Eliana o ajuda a se maquiar e presta muita atenção na conversa como se fosse a primeira vez que ouvisse a história. Dar atenção é a principal arma dessa voluntária social para cativar os dependentes”.
E assim fui entrando aos pouquinhos no mundo de Eliana, conhecendo seus personagens e suas histórias, que costumam ter um traço comum: antes da grande tragédia de cair na rua das drogas, esses brasileiros enfrentaram outras tragédias pessoais ou familiares.
Assim foi com a própria Eliana, filha de empresário do setor automotivo casado com funcionária pública, nascida numa maternidade dos Jardins, que morava numa boa casa em Cidade Ademar e veio parar aqui depois que sua irmã, Rita de Cássia, foi brutalmente assassinada.
“Meus pais tiveram revezes na vida e foram trabalhar como zeladores de uma escola pública. Mudamos para lá. Minha vida muito louca começou quando minha irmã Rita de Cássia, aos 22 anos, foi brutalmente assassinada por um ex-noivo, que era traficante de cocaína. Foi o meu primeiro contato com drogas”.
O que os une nas ruas é a dependência química, a solidão, a depressão, a busca de um lugar melhor no mundo. Ajudá-los, como conseguiu, é a profissão de vida e de fé de Eliana.
Nos primeiros dias de seu governo, em 2017, o ex-prefeito João Doria, anunciou que a “cracolândia acabou” após uma megaoperação de limpeza da área e desobstrução de vias, além da prisão de traficantes, exatamente como vem acontecendo nas últimas semanas, com os mesmos resultados.
Reportagens não mudam a realidade.
A cracolândia só viu crescer o número de drogados e a violência policial, afugentando moradores e comerciantes. É um dos grandes problemas nacionais que parecem insolúveis.

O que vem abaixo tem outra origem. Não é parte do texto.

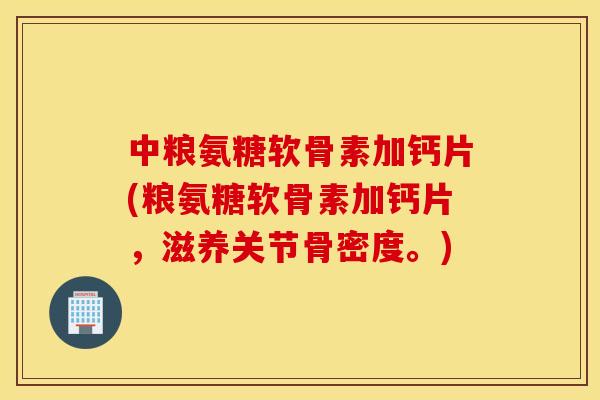 中粮氨糖软骨素加钙片(粮氨糖软骨素加钙片，滋养关节骨密度。)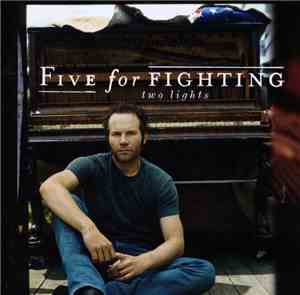 Five For Fighting - Two Lights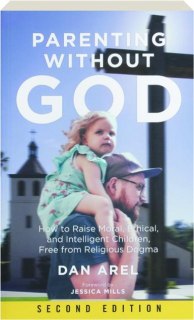 PARENTING WITHOUT GOD, SECOND EDITION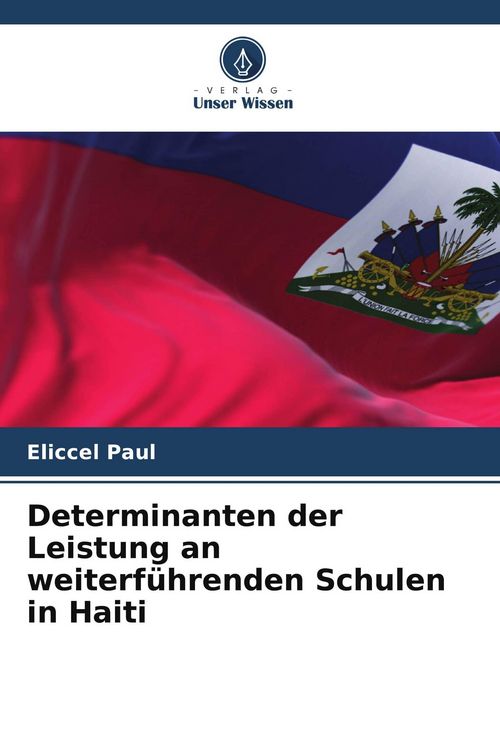 Produktbild: Determinanten der Leistung an weiterf&uuml;hrenden Schulen in Haiti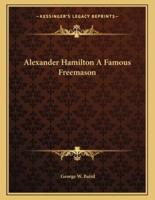 Alexander Hamilton A Famous Freemason
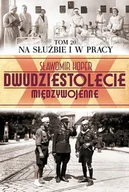 Historia Polski - Edipresse Polska Dwudziestolecie międzywojenne. Tom 20. Na służbie i w pracy - Sławomir Koper - miniaturka - grafika 1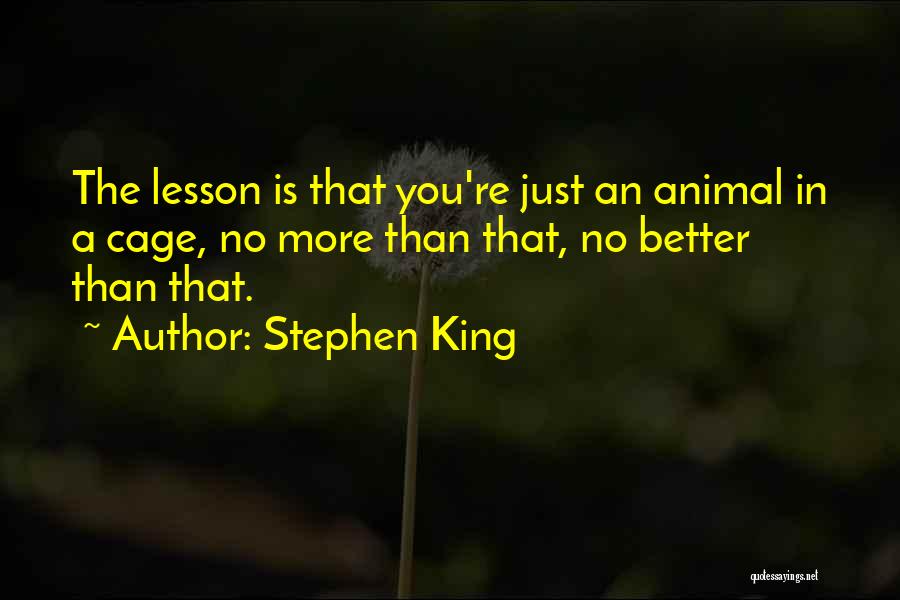 Stephen King Quotes: The Lesson Is That You're Just An Animal In A Cage, No More Than That, No Better Than That.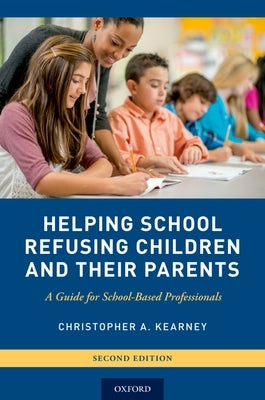 Helping School Refusing Children and Their Parents: A Guide for School-Based Professionals by Kearney, Christopher A.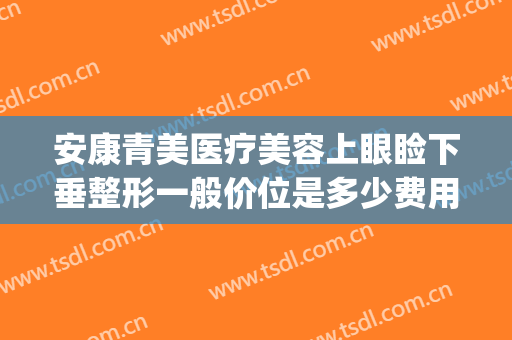 安康青美医疗美容上眼睑下垂整形一般价位是多少费用?好不好?(安康美容整形医院)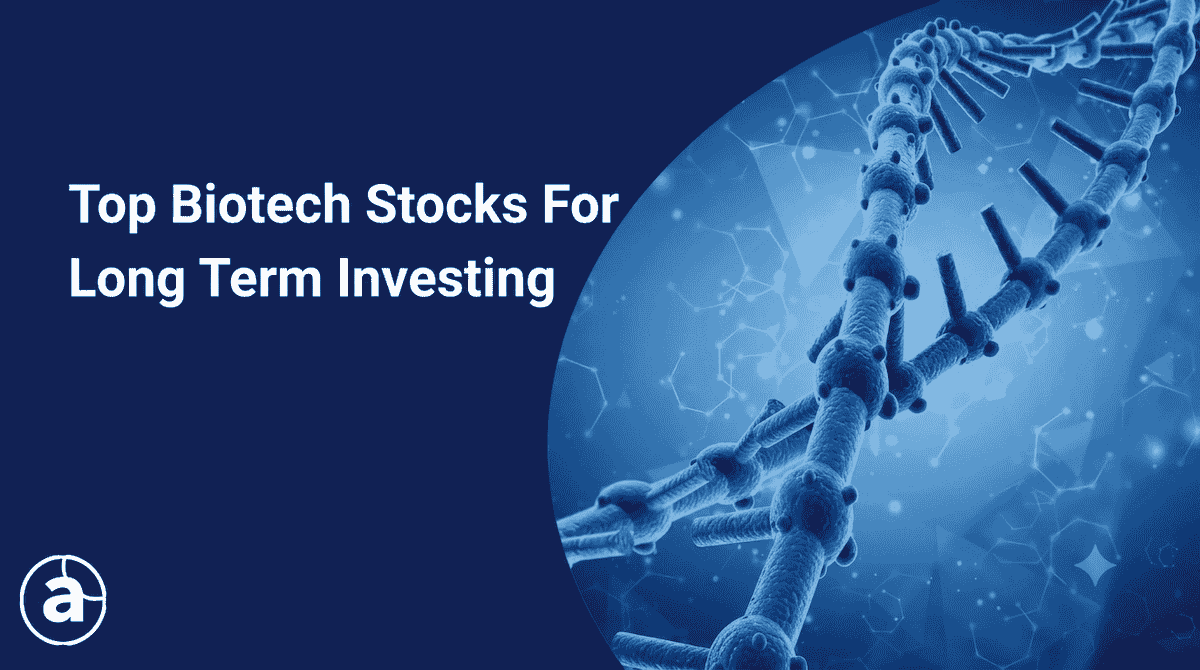 Banner image for a biotech stocks investing article featuring a DNA and the title "Top Biotech Stocks for Long Term Investing."
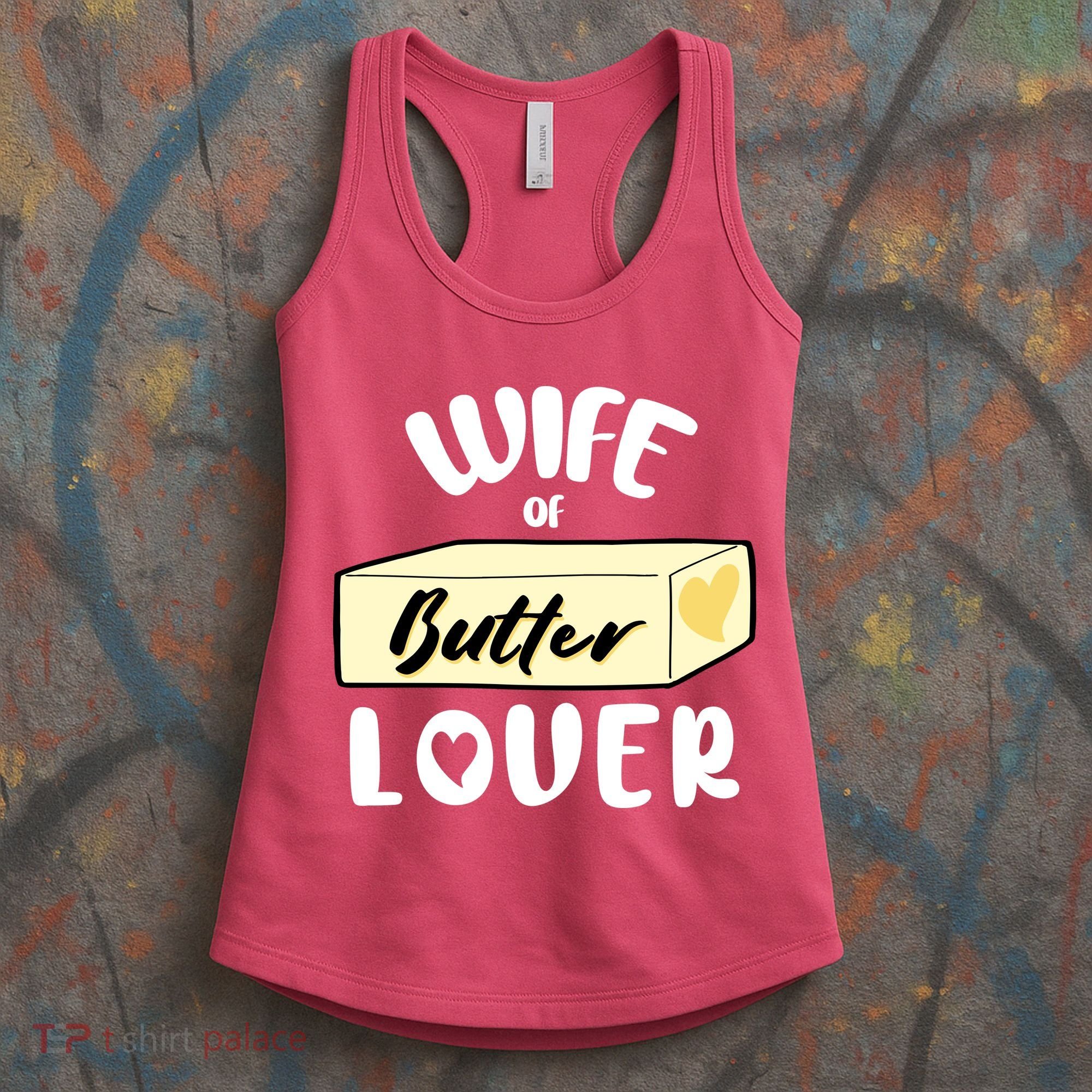 Funny Wife Of Butter Lover Matching Group Women's Tank Top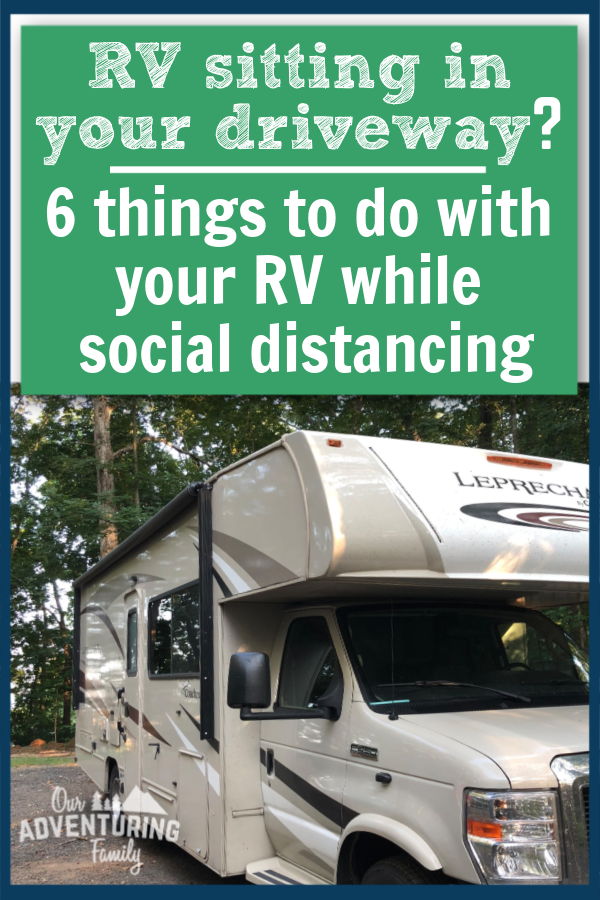 If you have extra time on your hands, why not do those RV projects you’ve been putting off? See our list of 6 things to do with your RV while social distancing at ouradventuringfamily.com.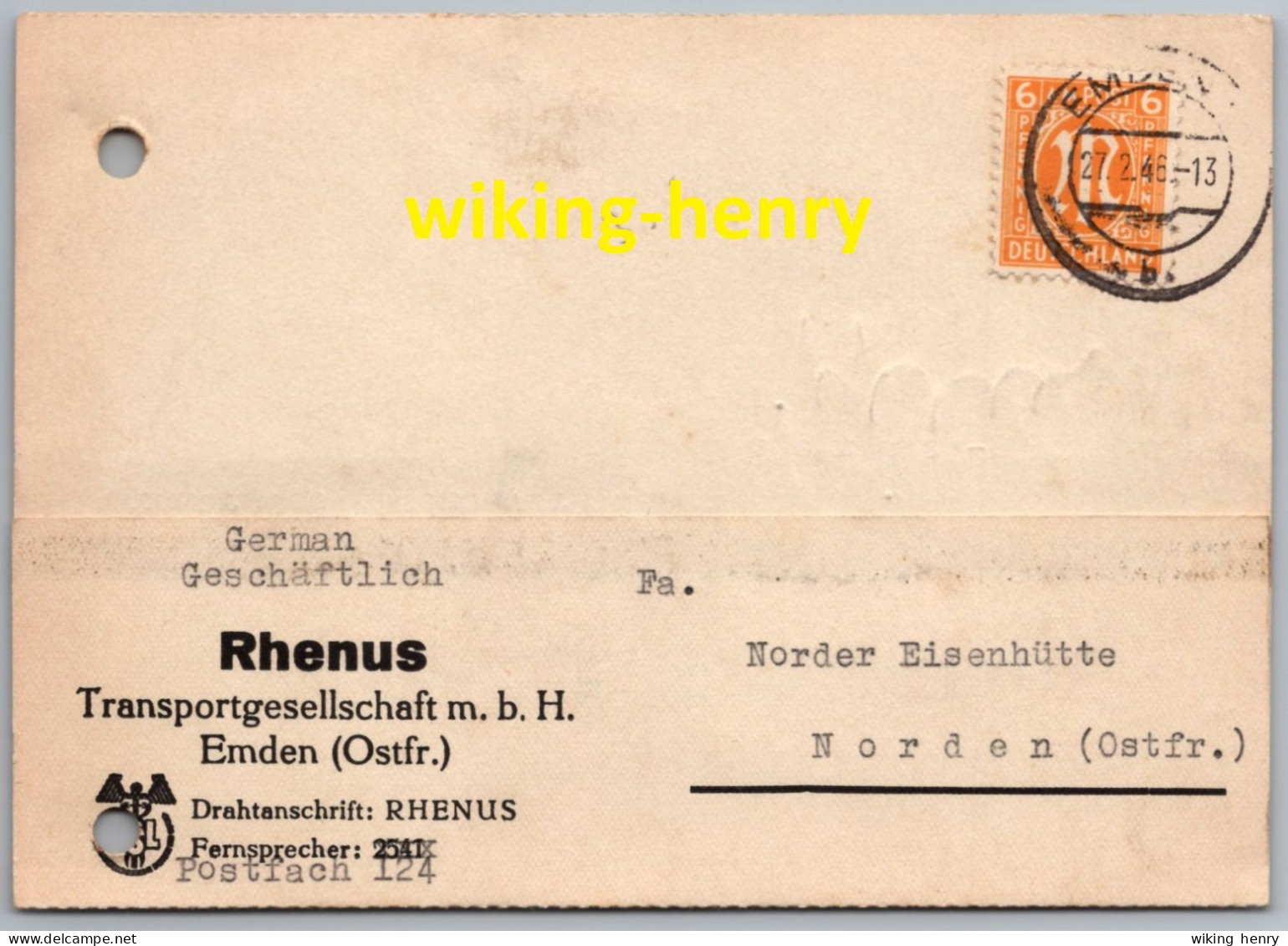 Emden - Firmenkarte Rhenus Transportgesellschaft MbH - 1946 An Die Norder Eisenhütte In Norden Ostfriesland - Emden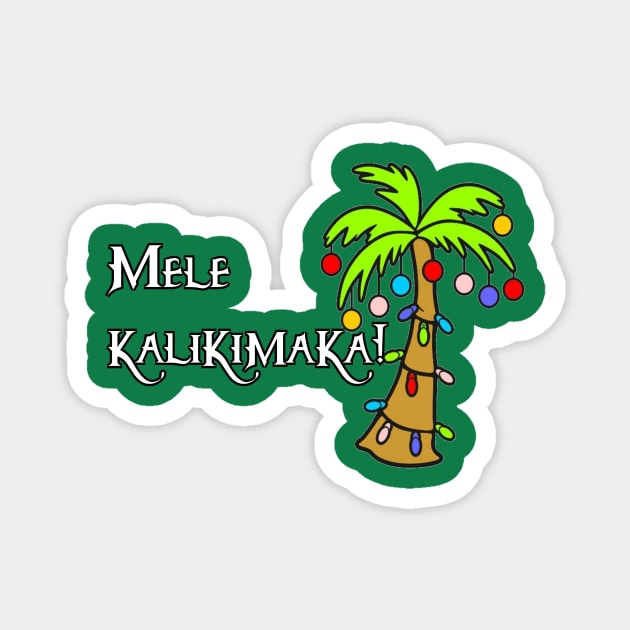 Mele Kalikimaka Magnet by Kleiertees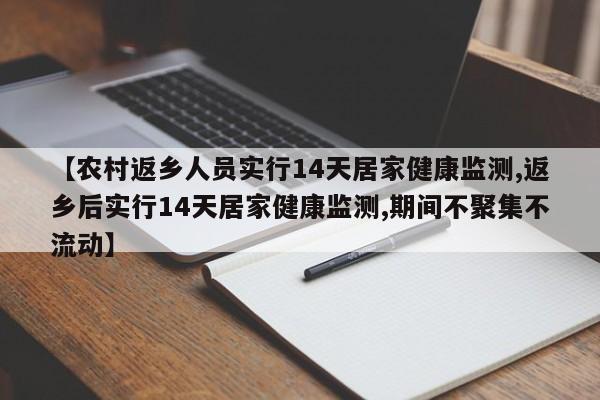 【农村返乡人员实行14天居家健康监测,返乡后实行14天居家健康监测,期间不聚集不流动】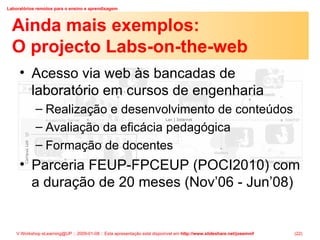 Ainda mais exemplos: O projecto Labs-on-the-web Acesso via web às bancadas de laboratório em cursos de engenharia Realização e desenvolvimento de conteúdos Avaliação da eficácia pedagógica Formação de docentes Parceria FEUP-FPCEUP (POCI2010) com a duração de 20 meses (Nov’06 - Jun’08)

Mas reportagens podem inspirar outras pessoas a seguir o exemplo de Eliana Toscano para levar ajuda aonde é mais necessário, sem pedir nada em troca, e minorar o sofrimento destes refugiados em seu próprio país, que, encurralados, não têm mais para onde correr.
Em tempo: esta coluna foi inspirada em sugestões de pauta enviadas por vários leitores que me pediram para contar histórias de reportagens antigas.